As Michael and I, along with our amazing production team, embark on this journey to the Sixth Dimension we have many challenges to overcome. But we are determined to bring back to life Fausto, Doris, Frenchy and all of the beautifully insane characters that inhabit the Forbidden Zone! We look forward to seeing you all there in May!

- Scott Leggett

You are my hostage and don't you forget it!

Producer's Blog 2/5/10

Welcome Zombabies to the Production Blog for Forbidden Zone: LIVE in the 6th Dimension! I type fast, but even so, typing Forbidden Zone: LIVE in the 6th Dimension is a little much, so we have been using FZ6D as shorthand for the title of this show. But what is this show? I describe it as a new stage musical entertainment, a bawdy and thrilling sci-fi/fantasy romp that explodes with color, song, humor and horror that is at least as demented as the film that it is adapted from. Everything that you hope to see is in there. It is what you never expected to see that is going to blow your little frog-servant loving, art-boxing, dice-dealing mind.

We are about a week away from announcing audition dates and casting information for the show and we are many moons out from the start of rehearsal, but as this is such a rigorous production, we have been hard at work for the better part of a year getting all our corpses lined up so that when we are granted the POWER OF ZOMBIE we can take over the planet!

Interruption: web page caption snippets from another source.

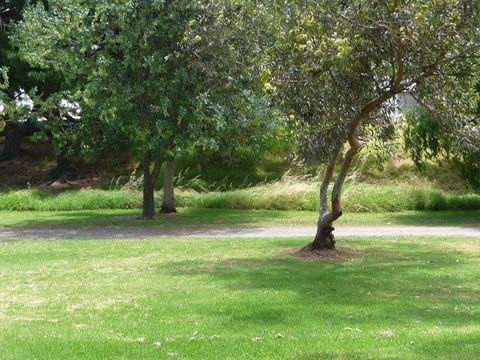 Victor Harbor Holiday Park - Accommodation Yamba 24
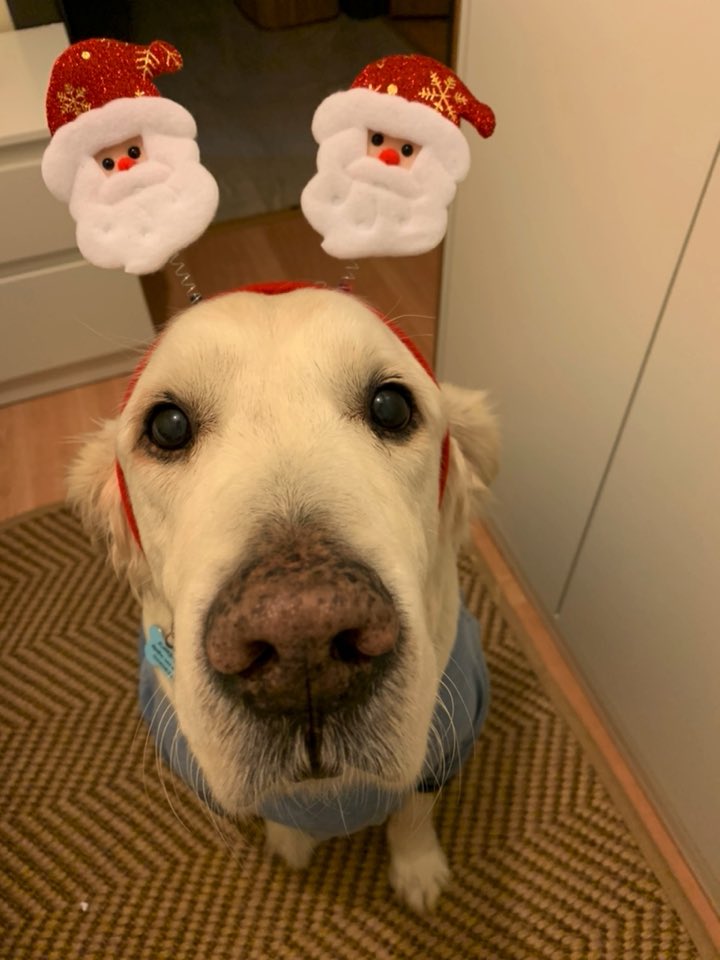 nimecay's tweet photo. Ben: artık saçma alışverişler yapmamalıyım.
Yine ben: oğluma noel baba tacı alayım. https://t.co/Sz1mCxylll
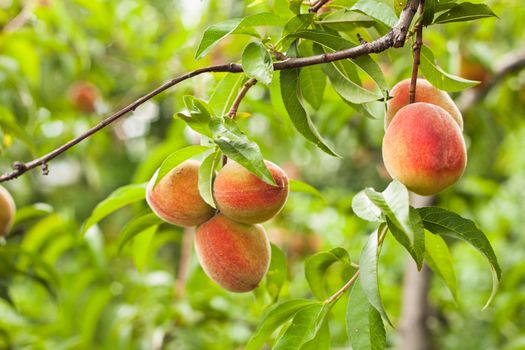 Peaches on a tree branch closeup in the orchard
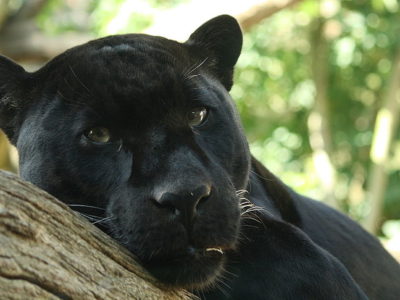 A Panthera pardus, Panthera onca
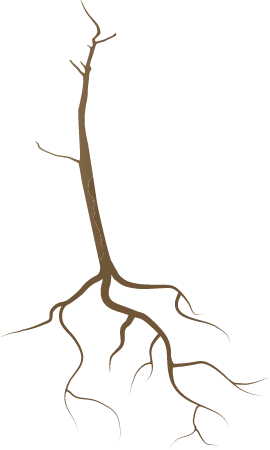 Dead Tree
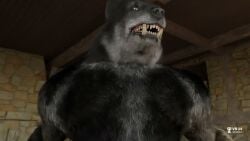 anthro anthro_dominating_human black_fur canine canine_genitalia canine_on_human canine_penis dark_fur dog_ears dog_penis female_pov first_person_view furry furry_male grey_fur handjob human_female human_on_anthro knot light-skinned_female light_skin male_anthro/female_human moaning pov straight stroking_penis tagme taker_pov video vr34studio werewolf wolf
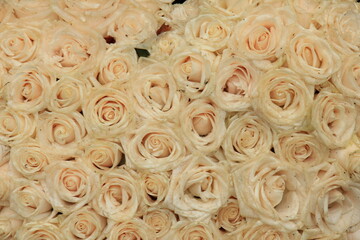 Pale pink wedding roses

I'll be back next week to report on the final Music Workshop in which an eight piece band will perform all the vocal numbers from the show for a select audience of producers and Sacred Fools company members at a remote location. All shall be revealed to you in time.

Until then, tide yourselves over with missives from Director/Producer Scott Leggett and Author/Producer Michael Holmes. In the coming months you'll also hear from Music Director Ryan Johnson and Choreographer Natasha Norman. We look forward to seeing you in the near future as we gather in the land of sin and pleasure. You'll be surprised by the things that you will see!